The horror comedy Life After Beth stars Aubrey Plaza (Safety Not Guaranteed) as the titular Beth, a young woman who tragically dies from a snakebite while out on a hike. Her grieving boyfriend Zach (Dane DeHaan - The Amazing Spider-Man 2) bemoans the fact that he didn't have enough time with Beth to let her know everything he felt. He gets another chance at love when Beth mysteriously returns from the dead which her parents (John C. Reilly and Molly Shannon) believe to be a divine gift ... although Zach begins to believe Beth is actually a zombie! The film is filled with uneasy, grotesque warped laughs at the expense of the undead and as a twisted take on a relationship the film is kind of cute; but the films takes a jarring and confusing turn with the arrival of a full-fledged Zombie Apocalypse that changes the entire mood of the film for the worse. I believe the film is actually a metaphor for a soured relationship but that'd require more thought and brains than some would want to use around zombies. Plaza's trademark deadpan humor works here and her appreciation of slow jazz is winning; but when Beth is sidelined to give some other zombies screen time (why?) the film loses its appeal as there is little "life" in this film without Beth.

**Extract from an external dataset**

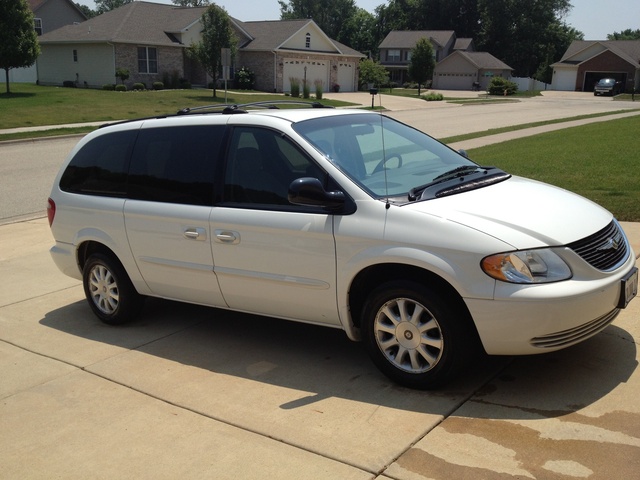 Chrysler town country 2003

Spectacularly ordinary. Richard Linklater's (Before Sunrise/Sunset/Midnight) latest film Boyhood is a film shot over a 12 year span that chronicles the life/boyhood of Mason (Ellar Coltrane) as he goes to school or eats dinner or takes a road trip or fights with a parent etc. The film gives us nothing overtly exciting like explosions or car chases (a broken beer bottle might be the film's most "exciting/action" element) and instead focuses on the drama of growing up when things are beyond our control and we have to make them work. It is a story everyone should relate to and/or find common ground with; but it might also simply be "too realistic" to entice others to want to watch the nearly 3 hour film. Mason's parents -- Ethan Hawke (Gattaca) and Patricia Arquette (True Romance) -- are divorced and he lives with his mother and older sister Samantha (Lorelei Linklater - Richard's daughter). Mason experiences life and literally grows up before our eyes. The film is clearly a narrative cinematic experiment that I found fascinating because there was nothing outlandish associated with the film or his story. I felt invested in his story/growth hoping for the best for Mason; but I am a self-admitted "people watcher" who observes and learns from others so this film was right up my alley. The movie will not be for everyone but I believe it to be rather special. I even shed a tear near the film's end as I knew Mason was heading off to college and our time together was coming to an end. Thank you Mr. Linklater for the experience.
Zoe Kazan (Ruby Sparks) plays identical twin sisters Laurel and Audrey who are as unlike as two people can be. Laurel is a meek homebody who has decided to remain in her small hometown to look after their widower father (John Carroll Lynch - Shutter Island) and Audrey is the sister who left the small town world behind her and found a comfortable job selling real estate in the city living it up with a few different boyfriends and a group of catty, materialistic friends. When the opportunity arises for Laurel to take the place of Audrey, she jumps at it and discovers what others have believed and felt toward the sisters all along while also finding herself in the process. It is a quirky and at-times dark coming of age tale that is promising but not wholly successful as it too easily falls into predictable rom-com traps once Laurel meets Audrey's nice neighbor played by Jake Johnson ('New Girl'). Kazan is cute and charming in her role(s) and she pulls her trick off with a nice balance; but the film wants to be poignant and it falls short.
Indie darling Amy Seimetz writes and directs this obscure little film about a tense road trip between two lovers as they travel along the Gulf coast of Florida. The purpose of their journey is unclear but it is apparent that Crystal (Kate Lyn Sheil - You're Next) is growing increasingly fearful that Leo (Kentucker Audley - The Sacrament) is going to leave her in the near future for any number of reasons the audience begins to discern. The movie is not one for mass audiences as little action occurs onscreen until near the film's end. Up until then, the film focuses on mood and emotion as the situation the characters find themselves in slowly unravels as Crystal's fragile psychological state may prove to be their undoing. The actors are quite strong here as Audley's desperation and growing frustration is palpable as his Leo tries to calm Sheil's contemptible and clingy Crystal who is slowly checking out of reality. Sheil is either a great actress or one I cannot stomach as few characters have annoyed me so onscreen in the past. Seimetz proves to be a talent behind the camera here and I hope she is given more chances to further a blossoming career. I'm hopeful for her but as for Crystal and Leo -- hope is fading faster than a setting sunset.